The apprehension over the news of the passing away of the Ooni of Ife, Oba Okunade Sijuade, has thrown the ancient city into a frenzy of increasing purchase of food items ahead of an anticipated holiday.
Although relief came when the traditional chiefs announced on Wednesday that the Ooni was alive and well, shops and market were immediately closed once the news filtered in at the early hours of the day that the monarch had passed on.
“As soon as the news came, the markets immediately closed down, business owners also closed their shops,” Mr. Akinwole Olaniran, a businessman, told PREMIUM TIMES at his shop in Ife on Thursday.
“But when the news from the palace came that he is alive, there was relief and business started resuming.”
He said the “rumour” greatly affected businesses and lowered the flow of customers everywhere in the city as commercial motorcycles and many other people moved to the Monarch’s palace to ascertain the news.
He admitted that the period of traditional rites would result in loss of revenues and grounding commercial activities should the death be affirmed.
“We don’t mind closing businesses for a week, because we are aware of the importance of such incident. We know it will take some time to get an experienced and knowledgeable person to replace him should it turn out to be true that he is actually gone,” Mr. Olaniran added.
Traditionally, once the death of the Ooni is announced, the three major markets, namely: Oja Tutun, Oja Ife and the Goat Market, would be closed for at least seven days.
Besides the markets, shops within the vicinity of the palace and all the areas within Enuwa, which is the area bordering the palace, will be closed for business.
A trader at Enuwa who identified himself as Fayemi, said his father was a traditional chief in Ife before his death and taught him all the traditional rites involved during the period of the passing away of any Ooni.
He said although markets would be closed and businesses would suffer, the importance of the Ooni of Ife removes any pain that might be suffered during the period of the traditional rites.
“We do not mourn our traditional ruler, we celebrate his passing away. That is why we say eku ayo, when we greet those affected,” Mr. Fayemi said.
“It will not be too much of a sacrifice to make if we have to close our businesses for a week or so for the Isoros to carry out their traditional rites.”
Mr. Fayemi also said the residents were prepared, though the news of his death remained a rumour. He explained that it was because of such effects that brought about the shortening of the period for installing another Ooni.
“In ancient times, when the Ooni of Ife passes away, other Obas in Yoruba Land vacate their traditional stools for the period a new leader was found and elected,” he said.
“That is why the period for installing a new Ooni is short compared to other traditional stools in the land.”
Solomon Adebayo sells building materials right in front of the palace.

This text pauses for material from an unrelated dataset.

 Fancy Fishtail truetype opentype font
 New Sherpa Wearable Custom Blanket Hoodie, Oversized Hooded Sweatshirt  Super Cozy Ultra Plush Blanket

He told PREMIUM TIMES that people have been buying out food stuff from the markets since information came that the markets may be closed for about seven days.

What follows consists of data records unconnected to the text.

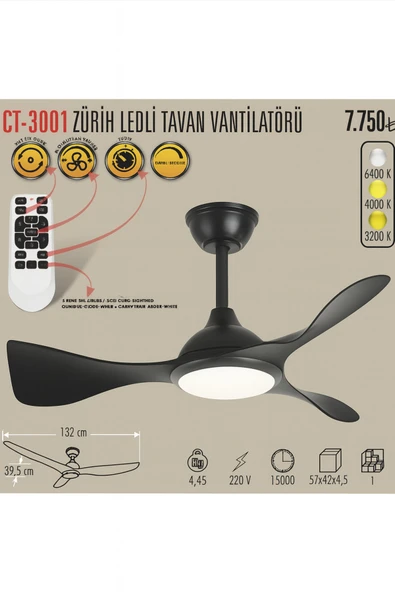 LEDLİ VE SESSİZ TAVAN VANTİLATÖRÜ - 1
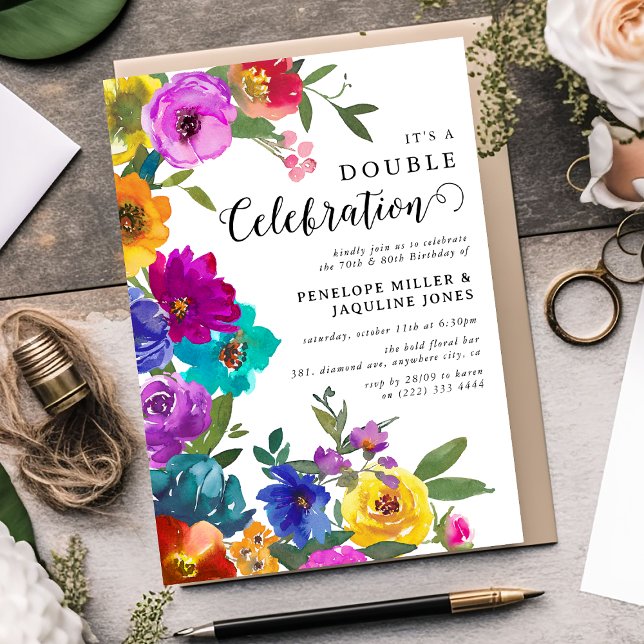 Bright & Bold Florals Double Celebration Birthday Invitation (Creator Uploaded)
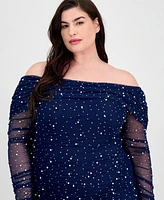 B Darlin Trendy Plus Off-The-Shoulder Pearl Gown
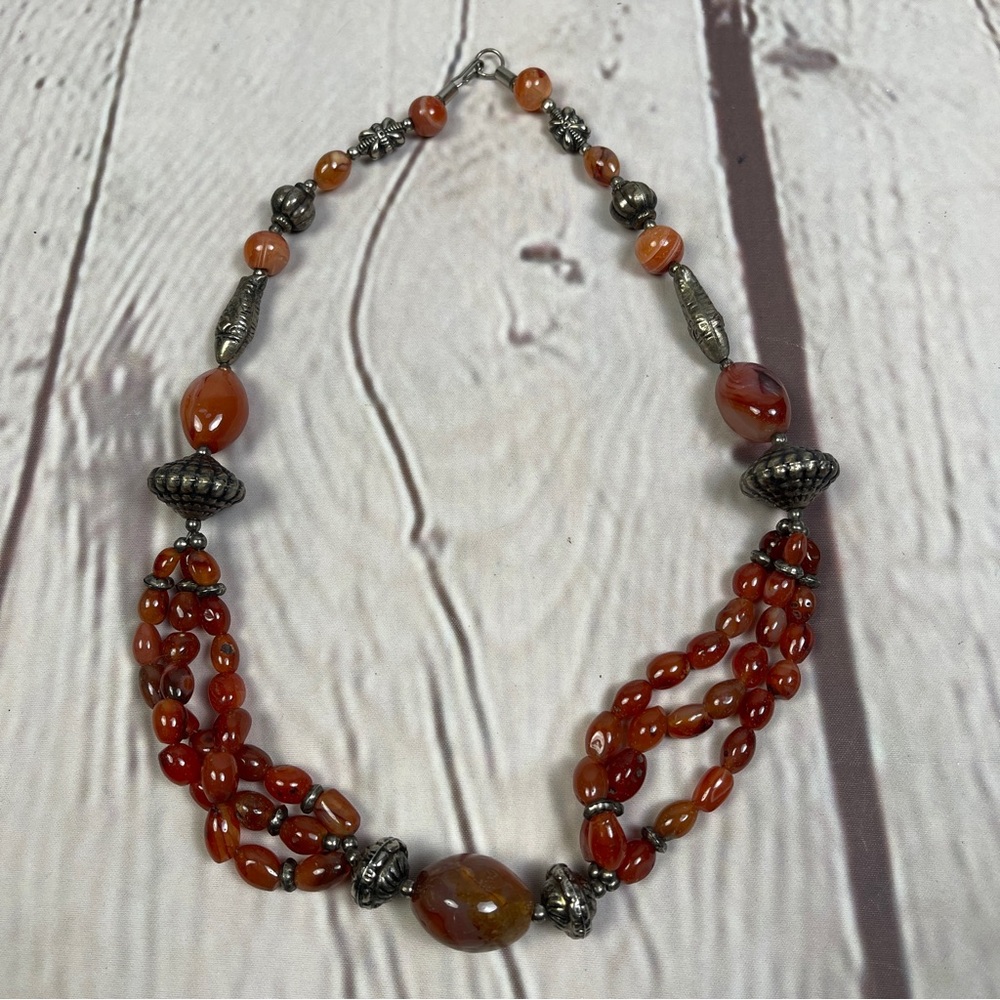 Elegant Boho Red Beaded Natural Gemstone Necklace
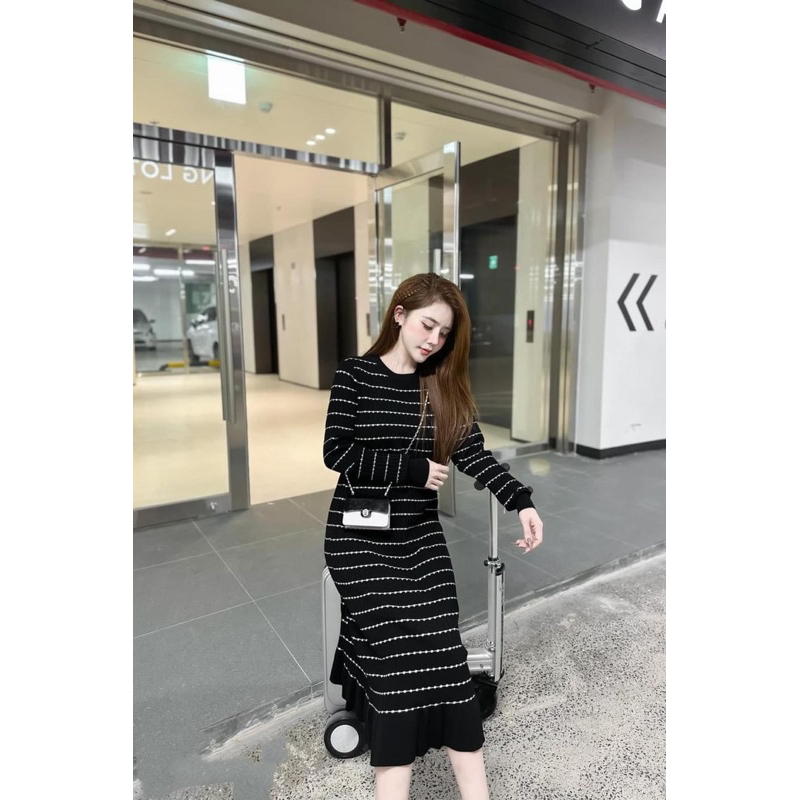 Váy body Len kẻ dài tay, váy len nữ dáng dài thu đông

“Within the seven days, people will not be moving around and our businesses will be affected,” he said.
Odeladi Samson also trades in paints and other building wares. He said if the monarch was confirmed to have passed away, it would be bad for business.

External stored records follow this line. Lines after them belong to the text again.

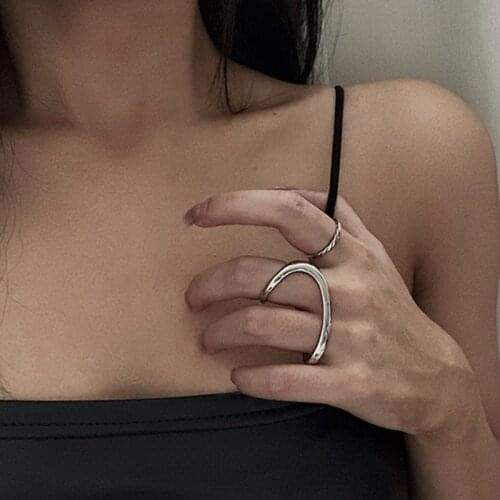 POPACC 925 Sterling Silver Fashion Two-finger Irregular Geometric Ring Open Ring For Women Party Jewelry Gift Wholesale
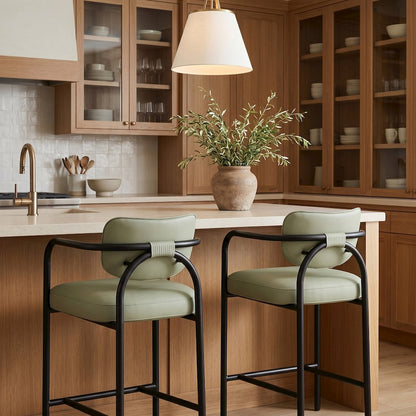 Serava Mint Vegan Leather Upholstered Counter Stool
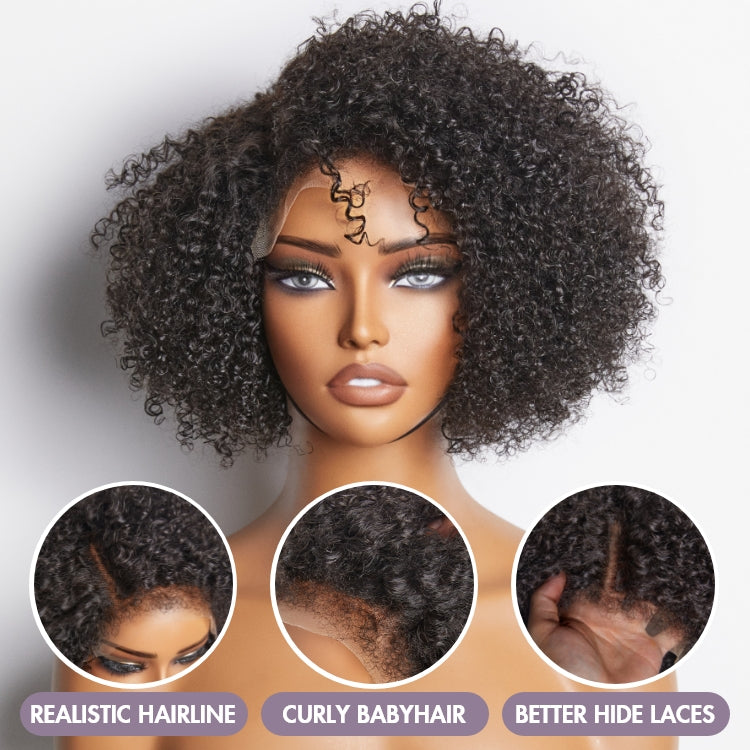 Worth | 4C Edges | Kinky Edges Jerry Curly 5x5 Closure Lace Glueless Side Part Short Wig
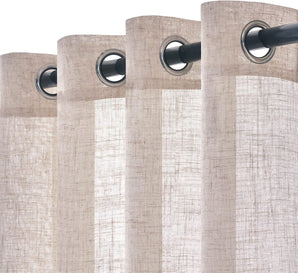 [RESIGILAT] Woaboy Perdele cu inele, model cruce, 140x160cm, alb, set 2 bucati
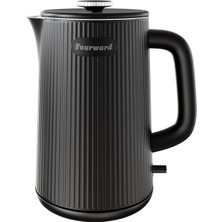 Fourward 1.7l Paslanmaz Çelik Su Isıtıcısı 2200W Hızlı Kaynatma, Çift Duvarlı, Bpa Içermez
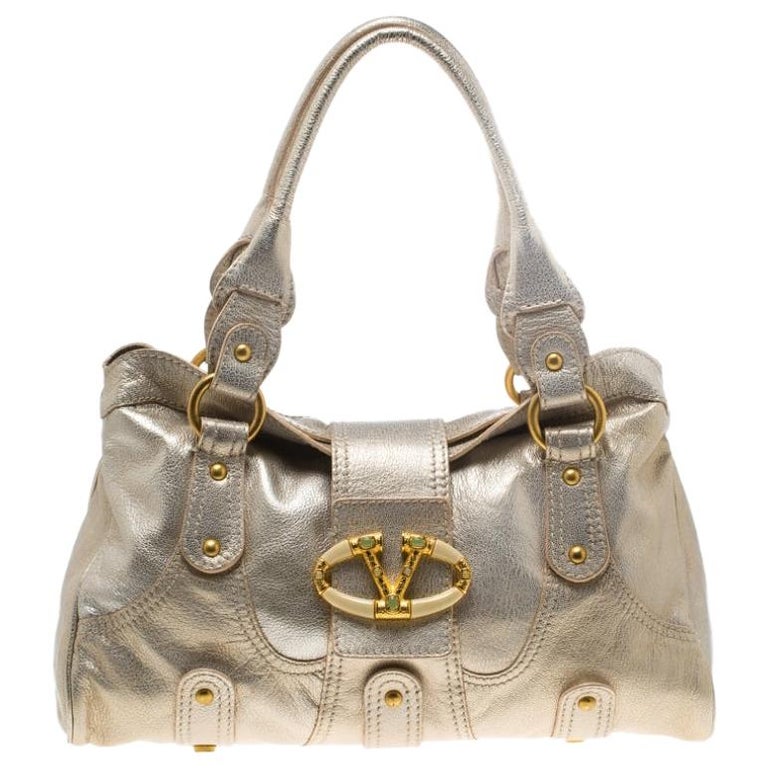 Valentino Gold Leather Crystal Catch Satchel For Sale at 1stDibs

Samson agreed that a monarch of the Ooni’s stature should be honoured, but he was worried about the fact that as a low income earner, he would have to burn out all his little savings without making any money within the period.
“Maybe what we will do in such circumstance, if it turns out to be true is to cut down our expenses so that we can survive within the period of the closure,” he said.
At the moment, the huge crowd that gathered round the palace on Wednesday did not return on Thursday. The environment wore a somber mood as recorded on the faces of those going in and out of the Ile Oodua.
While the Chiefs’ denial of the passing away of the traditional ruler was still being maintained, the people would not want to be caught unawares and were preparing for a possible long draught.